In the era of precision medicine, an important issue is to stratify cancer patients into subgroups for precise treatment. Owing to clinical responses of patients to drugs being rare or absent, large-scale drug sensitivity screens in cell lines were used to identify clinically meaningful gene-drug interactions. However, the prediction of drug response of cancer patients remains to be improved. Iorio and colleagues published valuable results and data (GDSC), which included the drug sensitivity scores and omics data of 1000+ cell lines treated by 265 drugs. They fitted comprehensive logic models, but they limited the number of variables to four at most.
To predict the clinical response of cancer patients, we first performed variable selection and transfer learning, then we trained the parameters of the classifiers (models) using omics data in GDSC. Next, we compared the trained classifiers using external data sets, which included gene expression data and survival of cancer patients treated by nine drugs. The validations show that k-nearest neighbor outperforms several penalized regression models, and support vector machines.

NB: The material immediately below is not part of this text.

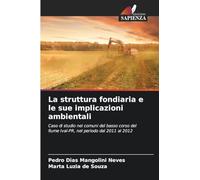 La struttura fondiaria e le sue implicazioni ambientali: Caso di studio nei comuni del basso corso del fiume Ivaí-PR, nel periodo dal 2011 al 2012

Finally, we show that machine learning-based methods performed well in the prediction of response to immunotherapy, e.g., for atezolizumab (a PD-L1 inhibitor), a classifier trained by data in urothelial cancer achieved ~0.70-0.75 AUC on external test sets in urothelial and renal cancers.

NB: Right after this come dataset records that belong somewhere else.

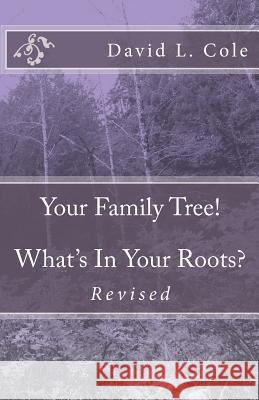 Your Family Tree! What's In Your Roots? Cole, David L. 9781494925826 Createspace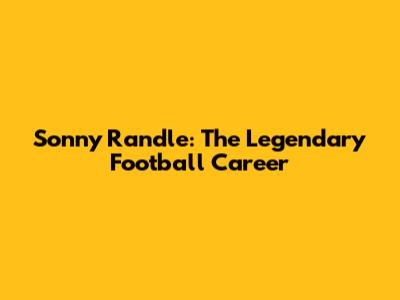 Sonny Randle: The Legendary Football Career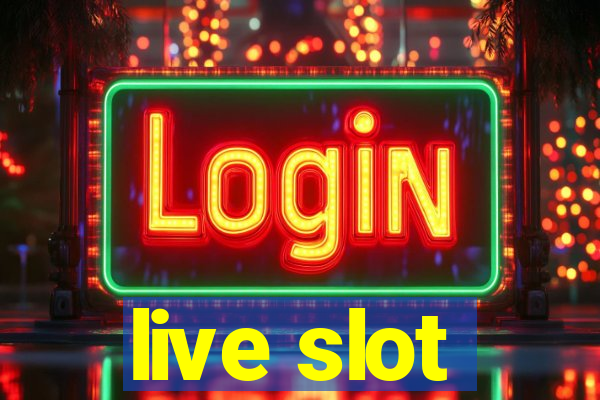 live slot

Keywords: cancer, drug, immunotherapy, machine learning, omics data, regression, variable selection.
Prof. Shieh’s team has worked on computational approaches to reveal prognostic/prediction biomarkers for various cancer types. In the past three years, her team has focused prediction of the response of cancer patients to targeted and chemotherapies, and immunotherapies. They developed machine-learning methods using multi-omics data.